In an exemplary embodiment of the method, each of the participants is configured to: periodically check whether the commit message was received; if it is checked that the commit message has not been received, inquire of the coordinator whether the commit message was transmitted; and perform the commit or abort of the transaction according to a reply to the inquiry from the coordinator.
In an exemplary embodiment of the method, each of the replicas is configured to process the transaction, instead of its original when the original does not perform its function.
The above and other objects and features of the present invention will become apparent from the following description of embodiments given in conjunction with the accompanying drawings, in which:
Hereinafter, embodiments of the present invention will be described in detail with reference to the accompanying drawings.
Any one that integrates and manages all the transactions among the plurality of nodes 100 and 200, for example, the node 100 serves as a coordinator or a master of the transaction and the remaining nodes 200 serve as a participant or a slave that participates in the transaction.
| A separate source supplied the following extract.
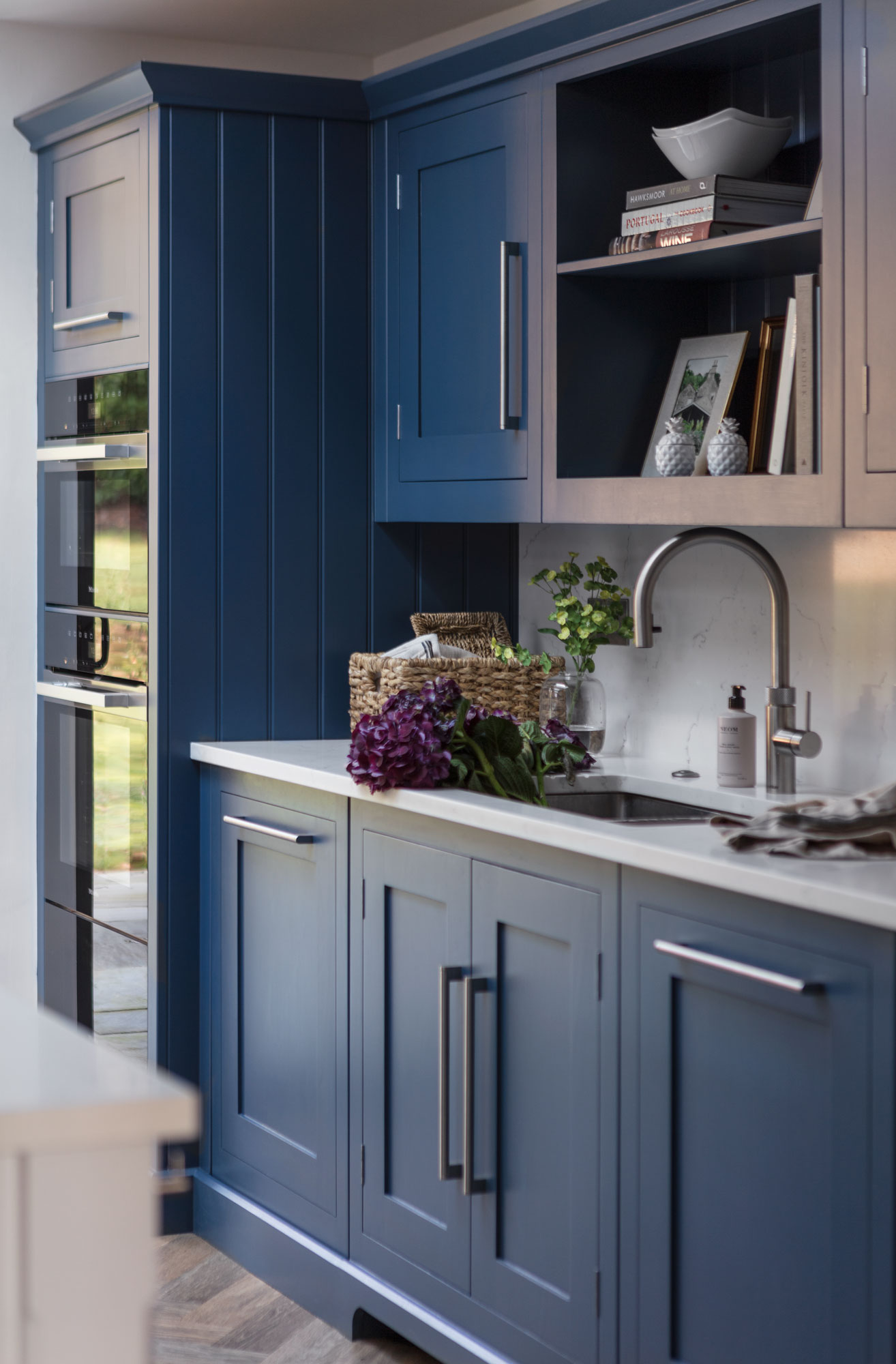 Blue Shaker kitchen cabinetry with white worktop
The nodes 100 and 200 have their own replicas 110 and 210. The nodes 100 and 200 serve an original against their replicas. The nodes 100 and 200 have the same components with each other. Similarly, the replicas 110 and 210 have also the same components with each other. In addition, the replicas 110 and 210 synchronize transactions with their corresponding original 100 and 200, respectively, in real time. In other words, since the distributed system is configured of an original and a replica, when data are corrected at the originals 100 and 200, logs for the corrected data are generated and the logs are transmitted to the replicas 110 and 210. Therefore, identity of data with the originals 100 and 200 may be maintained in the replicas 110 and 210.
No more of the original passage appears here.